A "major" shareholder of Trikona Trinity Capital, the AIM listed real estate fund focused on India, has proposed that the fund dispose off all its assets immediately. This is apparently the fallout of a strategic review of Trikona's investment policy and the strategy regarding distributions of capital ordered by the board in December 2008. The board had found that Trikona's ability to conduct business had been "compromised". The board also found that Trikona's ability to make disposals might also be "prejudiced".  

The policy proposed by the major shareholder says that if ordinary share price is below Net Asset Value (NAV) , the company shall return capital to shareholders immediately. Trikona's share prices have been trading at a significant discount to the NAV of the company. As on 30 September 2008, the closing price of an ordinary share was 54.5 pence whilst the NAV per ordinary share was 138 pence. Currently the shares are trading at 28.25 pence, and reached a high of 116.5 pence in April 2008.

The identity of the shareholder is not revealed.

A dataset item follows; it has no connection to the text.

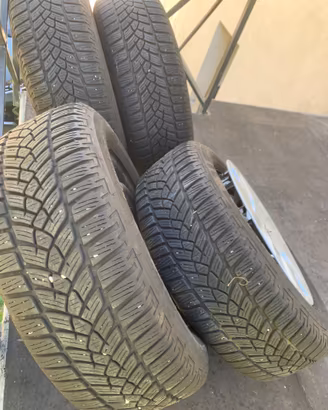Gomme 215/65r16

The major shareholders in Trikona Trinity are Carrousel Capital, which holds a 14.3% stake,and New York based hedge fund QVT with 27% stake. Late last year Trikona Trinity appointed Andrzej Sobczak and Pradeep Verma of UK based hedge fund Carrousel Capital as Executive Directors, while QVT is not represented on the board.  

This proposal by the shareholder will be taken up in the Extra-ordinary General Meeting of Trikona Trinity on March 24, 2009 at Isle of Man, where the company is registered.  

Besides this proposal, the EGM will take up two other proposals by the board of Trkona Trinity. The board has proposed a new investment policy, under which the company will continue realisation of assets till it has returned £100 million in buybacks or has bought 70% of the company’s issued share capital through buy backs. The third proposal is a to give the firm a longer time to dispose off the assets.

Interestingly, the board of Trikona Trinity has "unanimously" asked shareholders to vote against the first proposal (by the major shareholder), while they have asked the shareholders to vote for second decision.  

In spite of repeated attempts by VCCircle to contact Aashish Kalra, Managing Director of Trikona Capital, either he or the company representatives were not available for comments. Trikona Group co-founded by two New York-based NRIs, Rak Chugh and Ashish Kalra is currently managing over $1 billion in Indian infrastructure and real estate assets.

This follows a series of incidents at AIM where shareholders have questioned the promoters of India centric companies recently. The most recent is the case of Hirco. The AIM-listed real estate fund, promoted by realty major Hiranandani group, ran into a tight spot as shareholders demanded a non-Hirnandani Chairman.

other instances include Asian hedge fund Altima India Master Fund asking for removal of Raghav Bahl and Alok Verma as directors of the AIM listed The Indian Film Company (IFC). KSK Emerging India Energy Fund (KEF), a £100 million fund listed in AIM, was recently wound up after the shareholders passed a resolution demanding the same.

Trikona Trinity Capital is managed by Trikona Capital and has 17 investments in India. It has sold off some of its investments to German property fund management company SachsenFonds GmbH, with average returns of 97%.

In mid-October last year, Carrousel had called for an EGM to appoint of its executives as company directors. In the same notice Carrousel also said that it wants Trikona to sell the investments it has made in India at a cost of £220 million and return the proceeds to shareholders.